Given data
——
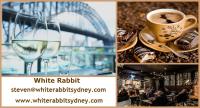 White Rabbit | Best Bars in Sydney CBD image 5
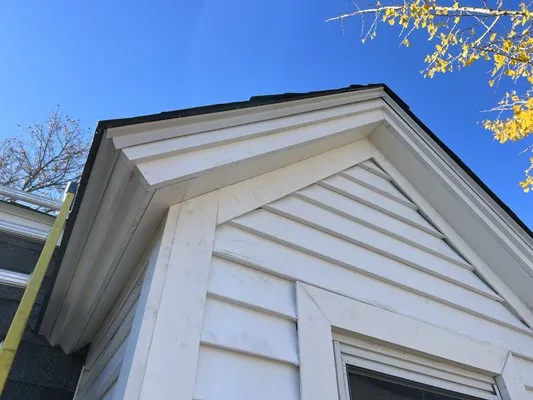 Blanchflower Construction Company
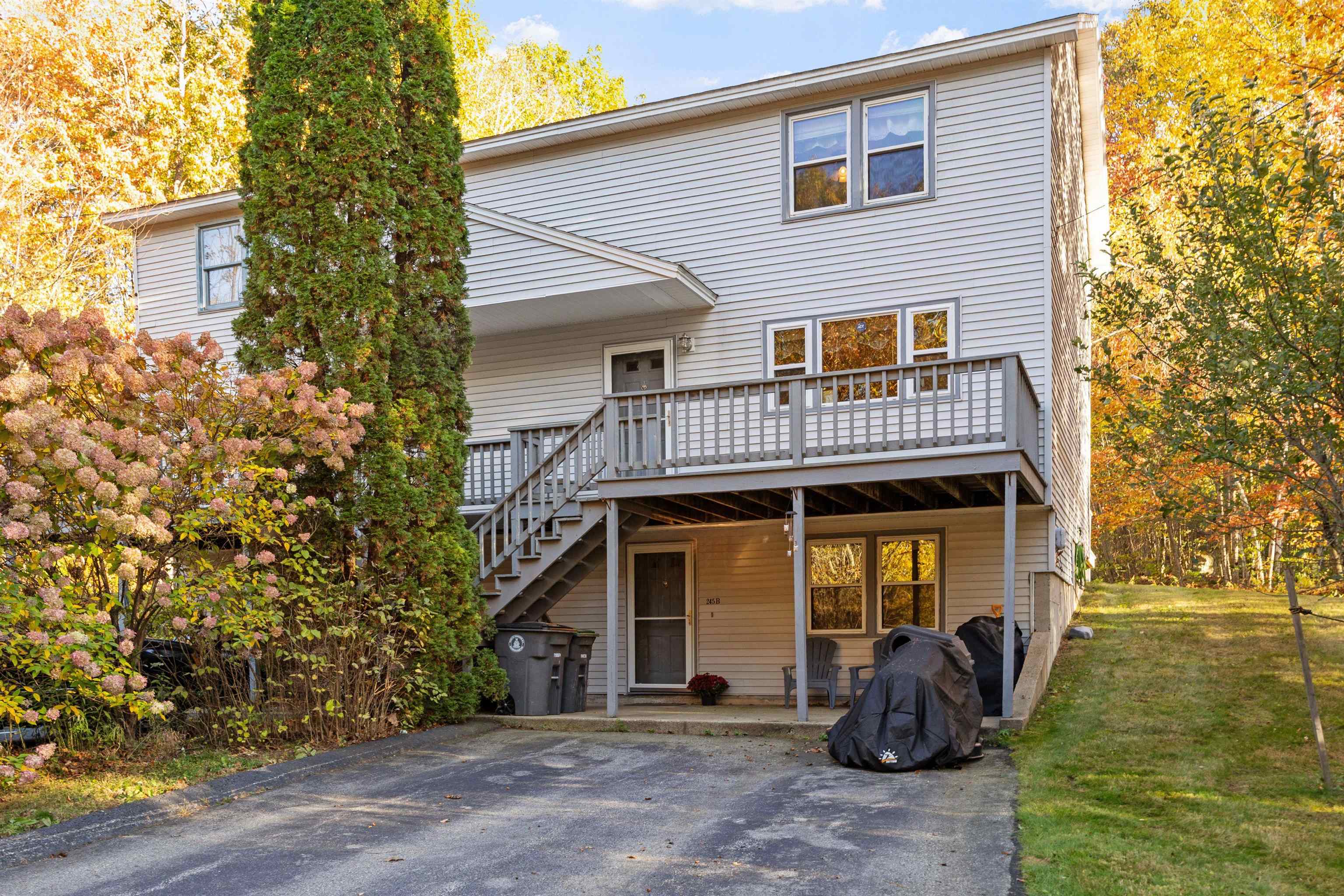 Homes for sale in Pembroke, NH | 245b Beacon Hill Rd #B, Pembroke, NH 03275 | MLS# 5069791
——
Your assignment
Would it be possible to give the material above again exactly, with the pictures left out?

Output
 White Rabbit | Best Bars in Sydney CBD image 5
 Blanchflower Construction Company
 Homes for sale in Pembroke, NH | 245b Beacon Hill Rd #B, Pembroke, NH 03275 | MLS# 5069791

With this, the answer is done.